Local Dallas Art and Artifacts Add Flavor, Personality to Home
Texas is big enough to encompass a variety of tastes in art and books. Fill your bookcase with varied examples of the state’s history and diversity, and enjoy the many examples of art available from both emerging and known artists.
Dallas has become a very cosmopolitan city whose diverse residents bring their own brand of “haute” style to this city of flat land. The local Dallas that existed in the eponymous television series doesn’t really exist — maybe it never did — and the era of gun-toting cowboys disappeared a long time ago.
But while the Texas of today is a far more interesting mix than the old stereotypes, the state’s history creates a strong local Dallas flavor that combines the best of the old with some exciting new elements. If you live here, you’ll want your home to reflect that colorful mix.
Texas in the Home
When it comes to home decorating, Texas spirit prevails. It doesn’t matter if you’re a Texan born and bred, or if you’re a newly arrived citizen of this vast state. Showing your pride in being here and your “allegiance” is easy.
This state’s history might lend itself to an obvious “cowboy” theme in home decorating. But even if cowhides on the floor and distressed leather sofas are not to your taste, adding a little Texas flair to your decor may tell the message that you’re a Texan and proud of it. What do you need? Well, a Texas star, to be sure. Large or small, antique or a shiny, new, obvious reproduction, any kind of five-pointed star will do. Display it on the wall, in a bookcase, framed, or nail-punched into a copper lampshade. Use restraint, though; this is not a case of “if one is good, more are better.”
Books Tell the Story
Many books have been written about Texas; some are flattering — and others well, not so much. No matter. James A. Michener’s Texas is not only a good read and a fascinating history, it gives a condensed version of the Texas state history that your kids will likely study in school. It’s good to have on your shelf. The Lusty Texans of Dallas, published originally in 1965 by John William Rogers, offers interesting insights. It is being reprinted today, in paperback as well as hard cover.

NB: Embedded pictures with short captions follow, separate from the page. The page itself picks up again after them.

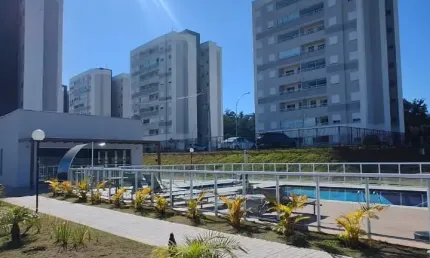 Apartamento com 3 quartos à venda na Rodovia Engenheiro Constâncio Cintra, Jardim Tarumã, Jundiaí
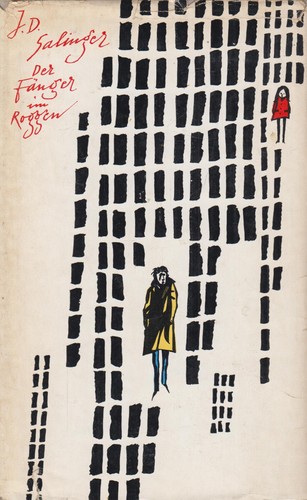 Buch der fänger - buch:, im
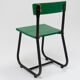 Chaise d’enfant tubax modèle épais rare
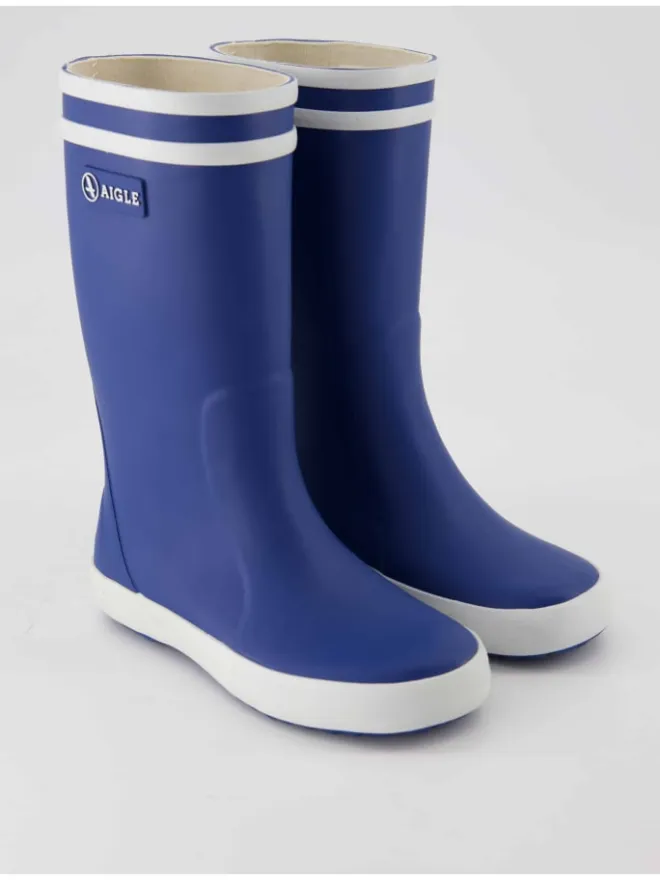 AIGLE Gummistiefel^Gummistiefel in Blau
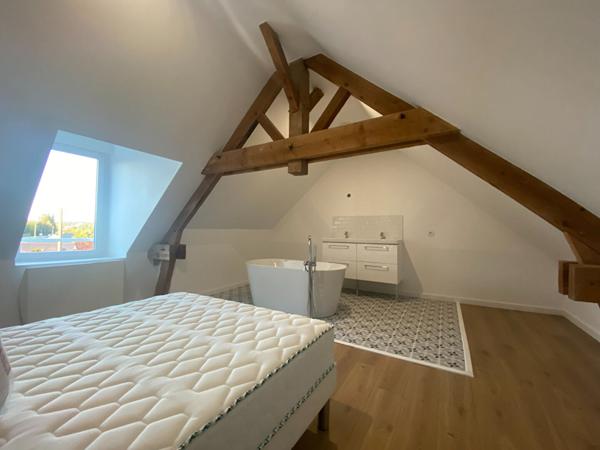 Appartement Corne 3 pièce(s) 72 m2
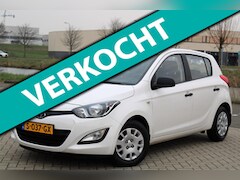 Hyundai i20 - 1.2i i-Drive l Airco l Elek Pak l APK 01-2024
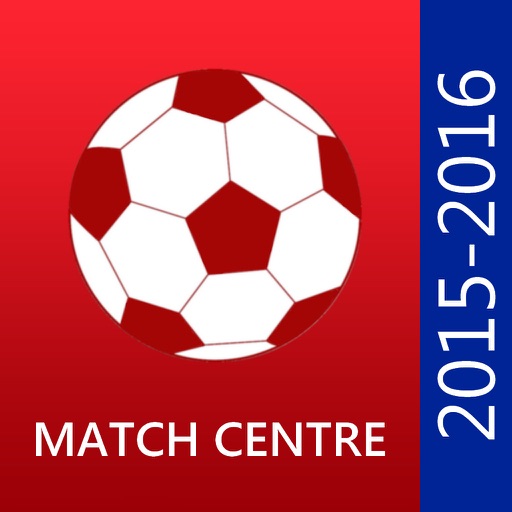 French Football League 1 2015-2016 - Match Centre icon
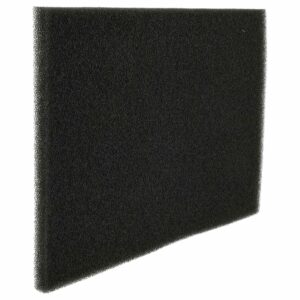 Filtro de Espuma de Substituição vhbw para Secadora AEG 1123156000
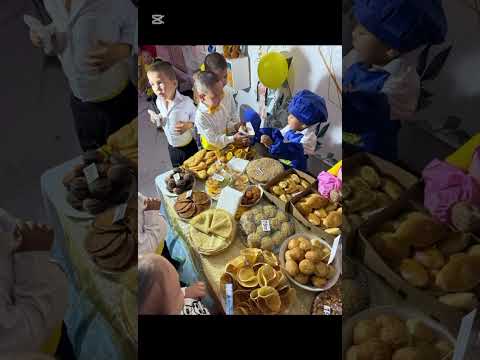 Видео: “Күзгі бақ”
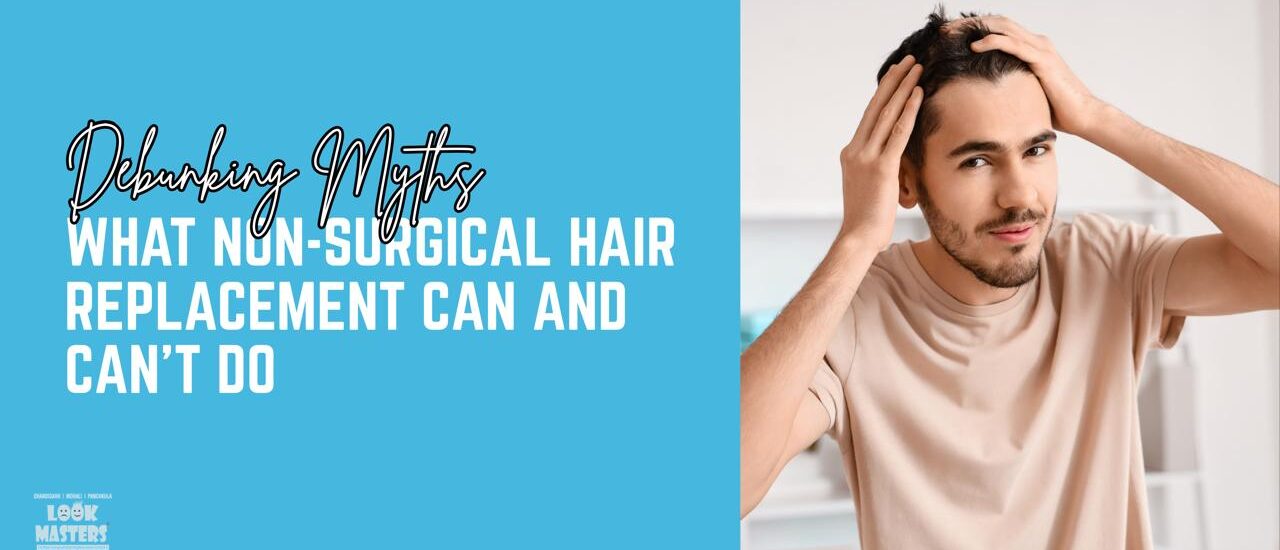 Debunking Myths: What Non-Surgical Hair Replacement Can and Can't Do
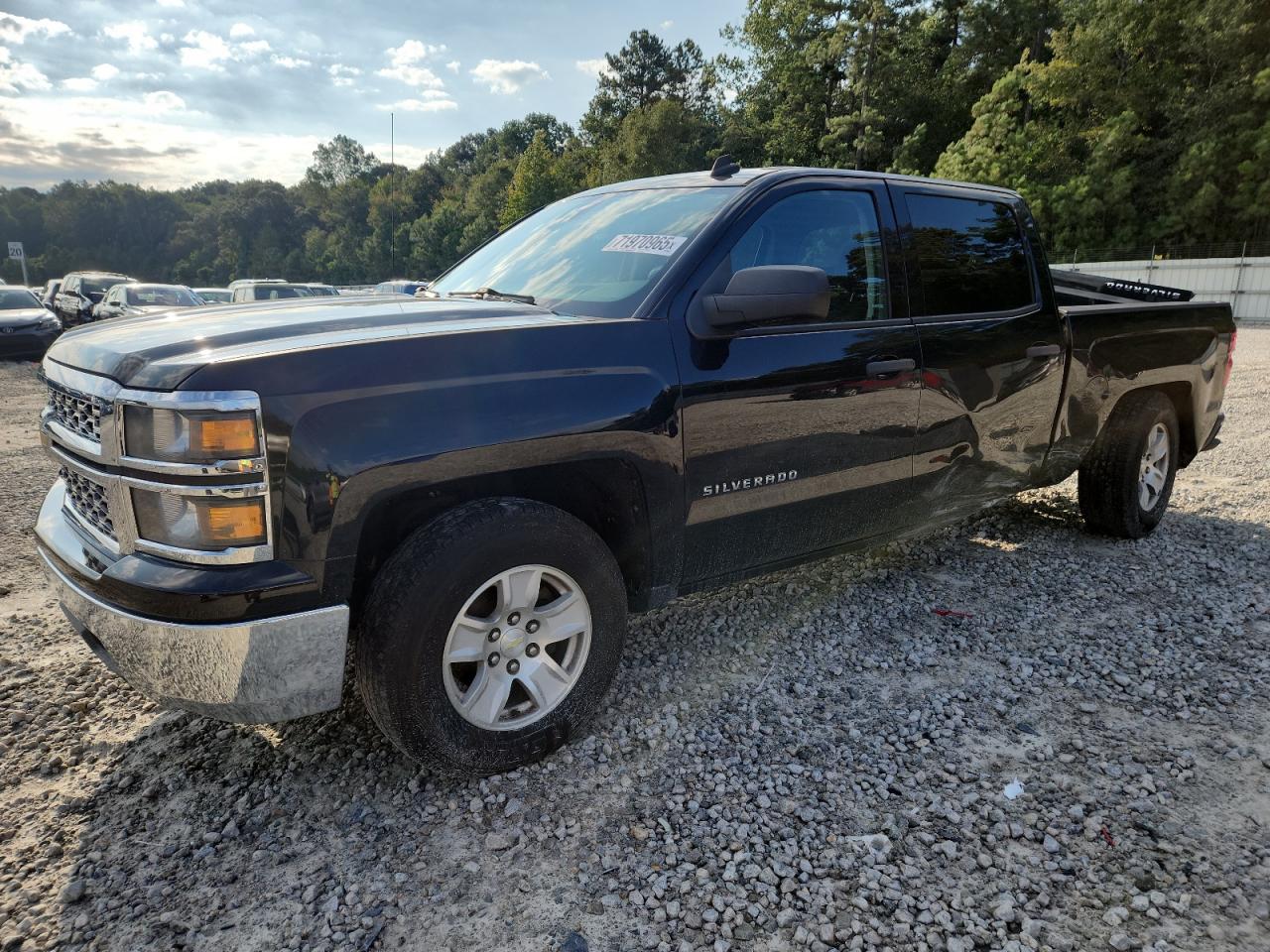 2014 Chevrolet Silverado c1500 lt C1500 LT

The Big Rich by Bryan Burroughs is another good one, which will have you awed by the facts and clamoring to know more. There are other stories: ask a native about the “Chicken Ranch,” and wait for the reaction. And read about the women in Texas’ past — strong, resourceful women who got things done their way.
Fine art and rusted memorabilia are available in equal proportions in Dallas. Rustic metals and sleek sculpture can coexist in a display. Visit the gift shops at the Nasher Sculpture Center or the Dallas Museum of Art and bring home books, miniatures, or framed pieces you love. Display them proudly along with the bargains you pick up at McKinney Trade Days or the First Monday flea market in Canton. Scour McKinney Avenue design studios and galleries for textiles, “high funk,” and avant-garde art. Visit local art shows and collect works of a local artist. Craft some of your own.
The place of Texas in national and world history is another source, of course, for items to decorate your home. The state boasts three presidential libraries — one right here in Dallas — Space Center Houston, dinosaur tracks and skeletons, Big Bend National Park, and many miles of seashore. Memorabilia from all of those travels could fill many shelves.